’MinorityReport0’ adı altında yapılan çalışmalar, her şeyi amaçsız zannedenlerin bilinçlenmesi için birer örnektir.

17 Şubat 2014 Pazartesi

Nereye Vardık, Varıyoruz, Varacağız.

Doğumumuzla birlikte, içinde bulunduğumuz ortamı keşfetmeye başlarız. Büyüdükçe etrafımızda olup bitenlerle şekilleniriz. Kimse bunu seçemez ama kimimiz düşünürüz; “neden böyle?, neden böyleyim?, neden burdayım?, ne yapmam gerek?” diye. İşte tam da bu noktada bir rehber ve örnek ararız. Başlangıçta hepimiz şahsımıza münasırız.
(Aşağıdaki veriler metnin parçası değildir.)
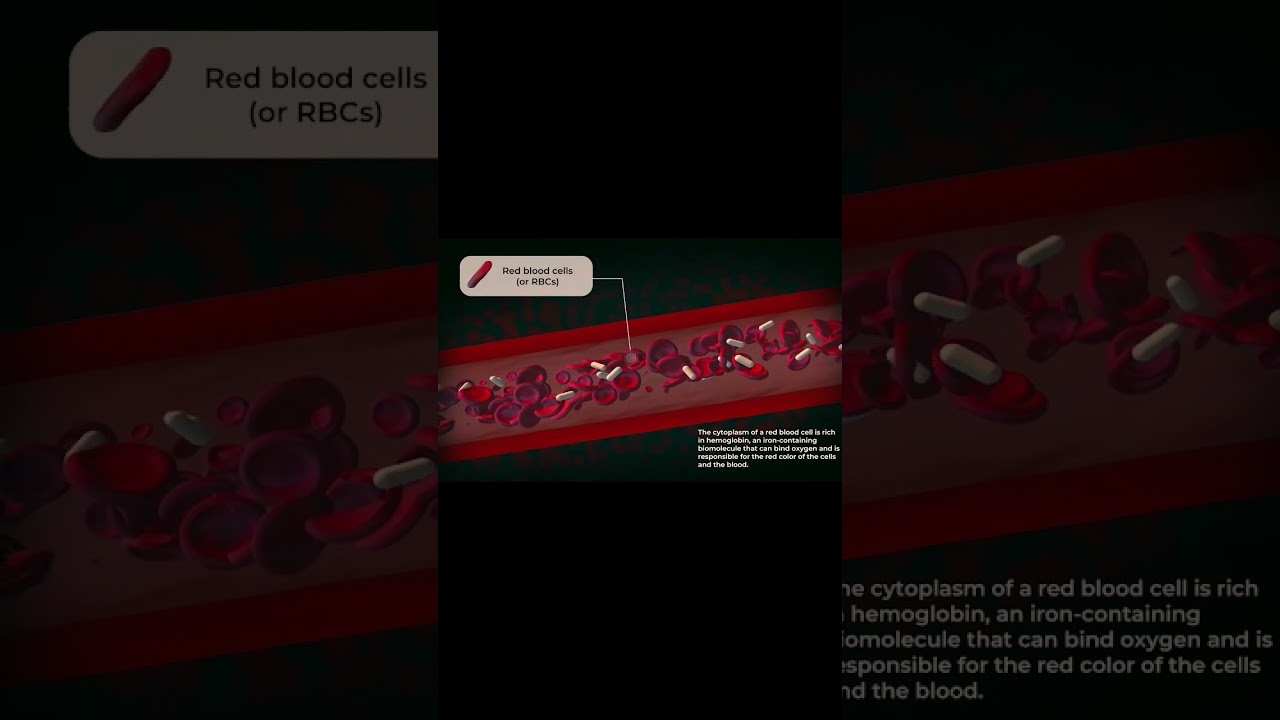 Erythrocytes (red blood cells or RBCs) in After Effects #3d #animation #medical #rbcs #elements #2d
Gerçek ile toplumun benimsediği ve kabul görüleni mi tercih edeceğimiz konusunda arada kalırız. Karakterimiz oturana kadar bu çelişkiyi yaşarız. Bu karakter bazen 16 yaşında oturur, bazen 70, bazen hiç oturmaz. Bir de farkında olmadığımız bir yönlendirmeyle karşı karşıya kaldığımızdan dolayı gerçekten mücadele etmemiz gerekir. Bunun için farkındalık gerekir.
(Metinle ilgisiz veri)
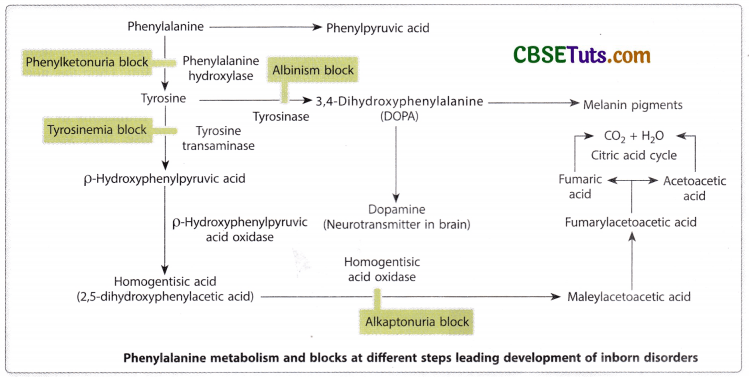 Concept of Gene - Characteristics, Structure and Properties of Gene 3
Art niyetli düzenin farkındaysan düzenin etkisini üzerinden atman için ilk önce kendini bilmen gerekir. Kendin için savaşman gerekir. Çünkü asıl önemli olan sensin. Sonsuz yolculuğun, keşfedilmeyi bekleyen, sonsuz bilinmezlikleriyle dolu yolcususun. Kendini tanıman, keşfetmen için buradasın.
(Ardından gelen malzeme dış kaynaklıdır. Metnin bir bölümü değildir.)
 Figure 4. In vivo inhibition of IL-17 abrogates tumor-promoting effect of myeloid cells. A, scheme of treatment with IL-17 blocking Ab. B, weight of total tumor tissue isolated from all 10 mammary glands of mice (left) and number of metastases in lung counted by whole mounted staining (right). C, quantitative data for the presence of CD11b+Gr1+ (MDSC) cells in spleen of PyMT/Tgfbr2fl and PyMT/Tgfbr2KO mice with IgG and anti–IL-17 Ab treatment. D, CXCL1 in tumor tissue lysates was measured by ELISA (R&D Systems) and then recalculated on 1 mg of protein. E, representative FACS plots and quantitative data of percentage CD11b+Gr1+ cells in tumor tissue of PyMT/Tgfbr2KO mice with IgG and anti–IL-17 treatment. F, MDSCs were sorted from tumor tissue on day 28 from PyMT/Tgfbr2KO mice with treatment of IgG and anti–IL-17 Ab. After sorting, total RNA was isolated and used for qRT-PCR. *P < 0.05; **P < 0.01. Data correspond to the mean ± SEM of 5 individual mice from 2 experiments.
Peki neden Marilyn Monroe, Che, Abraham Lincoln, karma, yoga, “hızlı yaşa, genç öl”, “hayat bir partidir” vesaire vesaire. Bitmeyen bir liste. Bir kasırga oluşturularak bize sunulan bu içi zehir dolu pasta da neyin nesi?

Öldüğü halde hala daha üzerinden para kazanılan Marilyn Monroe’dan çekiciliği, Ernesto Che Guevara’dan devrimi , Abraham Lincoln’den özgürlüğü mü öğreneceğiz? Elbette herkesten öğrenilecek bir şey vardır eğer art niyetli düzenin domino taşı değilse.

Senin neleri seçmeye hakkın var biliyor musun? Düşüncelerini, hareketlerini, adımlarını, dünyanı. Dünya harabeye dönse bile senin dünyanda hala güneş doğuyorsa gerçektesin demektir. Orayı sen izin vermedikçe kimse işgal edemez.

_

Dünya, Gündüz, NASA.
Dünyanın başlangıcından bu yana varolan ve anlatılan bir şeyler var. Sen ve ben bu gündeyiz. Bir şeyler öğrendikçe bu dünyayı tanırız ve tanımlarız. Dünya hep aynıdır ve gerçekliğini keşfetmemizi bekler. Tek bir yol var ve o asıl olanı taklit edip yolu kesen ilüzyon yollar.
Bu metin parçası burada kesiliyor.